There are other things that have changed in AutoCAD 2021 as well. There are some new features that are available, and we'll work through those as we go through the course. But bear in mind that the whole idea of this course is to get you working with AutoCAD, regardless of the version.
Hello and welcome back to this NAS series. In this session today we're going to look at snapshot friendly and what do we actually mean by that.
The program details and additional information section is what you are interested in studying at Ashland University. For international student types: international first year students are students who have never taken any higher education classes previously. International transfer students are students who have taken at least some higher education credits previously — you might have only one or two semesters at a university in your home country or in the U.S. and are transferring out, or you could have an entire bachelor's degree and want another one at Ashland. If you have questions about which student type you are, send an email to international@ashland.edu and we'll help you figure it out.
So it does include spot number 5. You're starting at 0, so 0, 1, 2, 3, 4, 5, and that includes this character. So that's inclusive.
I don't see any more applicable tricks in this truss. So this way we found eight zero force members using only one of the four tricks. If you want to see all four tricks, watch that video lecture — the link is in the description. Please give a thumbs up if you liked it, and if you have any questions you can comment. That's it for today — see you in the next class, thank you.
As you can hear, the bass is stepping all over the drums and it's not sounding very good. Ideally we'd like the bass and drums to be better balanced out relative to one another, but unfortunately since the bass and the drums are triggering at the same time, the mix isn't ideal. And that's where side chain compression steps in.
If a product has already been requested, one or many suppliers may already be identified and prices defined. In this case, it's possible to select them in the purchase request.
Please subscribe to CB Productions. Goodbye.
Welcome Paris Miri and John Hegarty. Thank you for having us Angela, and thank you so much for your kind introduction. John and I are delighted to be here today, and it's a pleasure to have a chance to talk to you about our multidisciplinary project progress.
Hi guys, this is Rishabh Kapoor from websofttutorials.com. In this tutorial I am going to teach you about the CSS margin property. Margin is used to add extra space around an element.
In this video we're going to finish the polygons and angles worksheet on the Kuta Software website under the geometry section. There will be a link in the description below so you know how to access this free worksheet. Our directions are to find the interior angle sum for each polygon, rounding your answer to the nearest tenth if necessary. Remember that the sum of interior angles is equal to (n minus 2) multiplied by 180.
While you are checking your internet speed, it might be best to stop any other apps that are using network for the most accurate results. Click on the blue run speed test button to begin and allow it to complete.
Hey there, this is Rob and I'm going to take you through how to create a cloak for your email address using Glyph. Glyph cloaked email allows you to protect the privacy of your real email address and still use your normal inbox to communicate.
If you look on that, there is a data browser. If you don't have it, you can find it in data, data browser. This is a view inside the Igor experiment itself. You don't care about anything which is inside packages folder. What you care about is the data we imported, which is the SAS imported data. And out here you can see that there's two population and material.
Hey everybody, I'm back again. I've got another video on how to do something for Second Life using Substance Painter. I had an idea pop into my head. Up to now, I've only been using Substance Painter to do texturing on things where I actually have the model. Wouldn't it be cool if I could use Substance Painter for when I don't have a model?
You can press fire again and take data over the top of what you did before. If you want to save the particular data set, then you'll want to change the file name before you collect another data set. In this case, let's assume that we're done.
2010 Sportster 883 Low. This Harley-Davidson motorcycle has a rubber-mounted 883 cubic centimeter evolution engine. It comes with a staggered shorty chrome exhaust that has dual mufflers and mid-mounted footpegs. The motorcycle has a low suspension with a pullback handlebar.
**********
Task prompt » Return only the lines from the beginning of the material up to and including the line with "Hello and welcome", exactly as written.

Task result »
There are other things that have changed in AutoCAD 2021 as well. There are some new features that are available, and we'll work through those as we go through the course. But bear in mind that the whole idea of this course is to get you working with AutoCAD, regardless of the version.
Hello and welcome back to this NAS series. In this session today we're going to look at snapshot friendly and what do we actually mean by that.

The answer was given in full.